Gefangene im Hungerstreik
- KEINE PFLICHT IN RHEINLAND-PFALZ
Die rot-grüne Landesregierung in Rheinland-Pfalz hat die Arbeitspflicht in den Gefängnissen 2013 abgeschafft. „Nur der bekommt Geld, der auch arbeitet“, sagt eine Sprecherin des Mainzer Justizministeriums. Die Arbeitsplätze in den Gefängnis-Werkstätten seien begehrt. „Jeder, der Arbeit hat, ist froh darum“. Die Landesregierung sieht auch keine Veranlassung für eine Initiative, nach der für Häftlinge in die Rentenversicherung eingezahlt wird: Die hätten keine Miete zu zahlen. Und auch die Kosten des normalen Lebens übernehme die Anstalt.
Zumindest für einen Teil dieser Forderungen hat Karl Heinrich Schäfer Verständnis. Die Evangelische Hochschule Darmstadt hat ihn zum Honorarprofessor für Strafvollzug berufen. Vor allem aber war er Leiter der Justizvollzugsanstalten in Schwalmstadt und Butzbach – wo Anfang Dezember einige Gefangene in „Hungerstreik“ getreten waren, um der Forderung nach Mindestlohn Nachdruck zu verleihen. Ein angemessener Lohn stünde ihnen zu, sagt Schäfer. 16 Justizvollzugsanstalten gibt es in Hessen. Hier herrscht Arbeitspflicht und eine 35-Stundenwoche. Die Haftanstalten verfügen über Schlossereien, Schreinerein, Wäschereien und Bäckereien sowie über eine Druckerei und eine Buchbinderei. In diesen Eigenbetrieben werden Arbeiten für die Haftanstalten selbst erledigt, aber auch Möbel für hessische Behörden gefertigt. Darüber hinaus nehmen die Gefängnisse Aufträge meist kleinerer und mittelständischer Unternehmen an. Papier, Kunststoff oder Metall verarbeitende Betriebe lassen montieren und sortieren.
Zwischen 9,41 Euro und 16,59 Euro erhält ein Häftling. Pro Tag. Wer gut ist, kriegt Leistungszulage: bis zu 20 Prozent des Grundlohns. Höher könnte der Lohn schon sein, meint Schäfer. Zwar kein Mindestlohn, weil die Produktivität in den Gefängnis-Werkstätten dann doch zu niedrig ist. Aber wenigstens eine angemessene Bezahlung müsse es geben. Vor allem aber müssten die Häftlinge in die Rentenversicherung einbezogen werden.
Neues Gesetz nötig
Letzteres ist eigentlich schon seit 1976 gefordert. Das Strafvollstreckungsgesetz hat zumindest die Voraussetzung hierfür geschaffen. Doch zur Umsetzung wäre ein weiteres Bundesgesetz nötig, das seit 40 Jahren auf sich warten lässt. Etliche Bundesländer, die die Beiträge zur Sozialversicherung übernehmen müssten, sind dagegen. Karl Heinrich Schäfer mahnt: Ein Staat, der zugesagte gesetzliche Regelungen jahrelang verschiebt, gefährde seine Glaubwürdigkeit. Und: „Von Gefangenen, die deshalb einen negativen Eindruck vom Recht erhalten, kann man nur sehr schwer rechtstreues Verhalten verlangen“.
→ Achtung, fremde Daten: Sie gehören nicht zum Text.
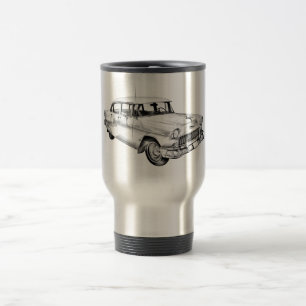 1955 Chevrolet Bel Air Antique Car Illustration Travel Mug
Schäfers Forderung nach tarifähnlicher Entlohnung hält das Justizministerium in Wiesbaden entgegen: Dann wären auch die Kosten der Haft zu berechnen, „die einen erheblichen Teil des Einkommens aufzehren würden“. Im Übrigen verweist man auf ein Urteil des Oberlandesgerichts Hamburg. Das habe zutreffend festgestellt: Gefangene stehen mit ihrem Verdienst nicht schlechter als ein Arbeitnehmer, von dessen Mindestlohn Lohnsteuer und Sozialabgaben abgezogen werden, und der darüber hinaus noch Miete zahlt.
Und das sind die Fakten in Hessen: Hier verdient ein Häftling in Hessen derzeit, wenn’s hoch kommt, 330 Euro im Monat. Die Haftkosten liegen bei gut 410 Euro monatlich, wobei 49 Euro fürs Frühstück, 90 Euro jeweils für Mittag- und Abendessen sowie 187,85 Euro für die Unterkunft veranschlagt werden.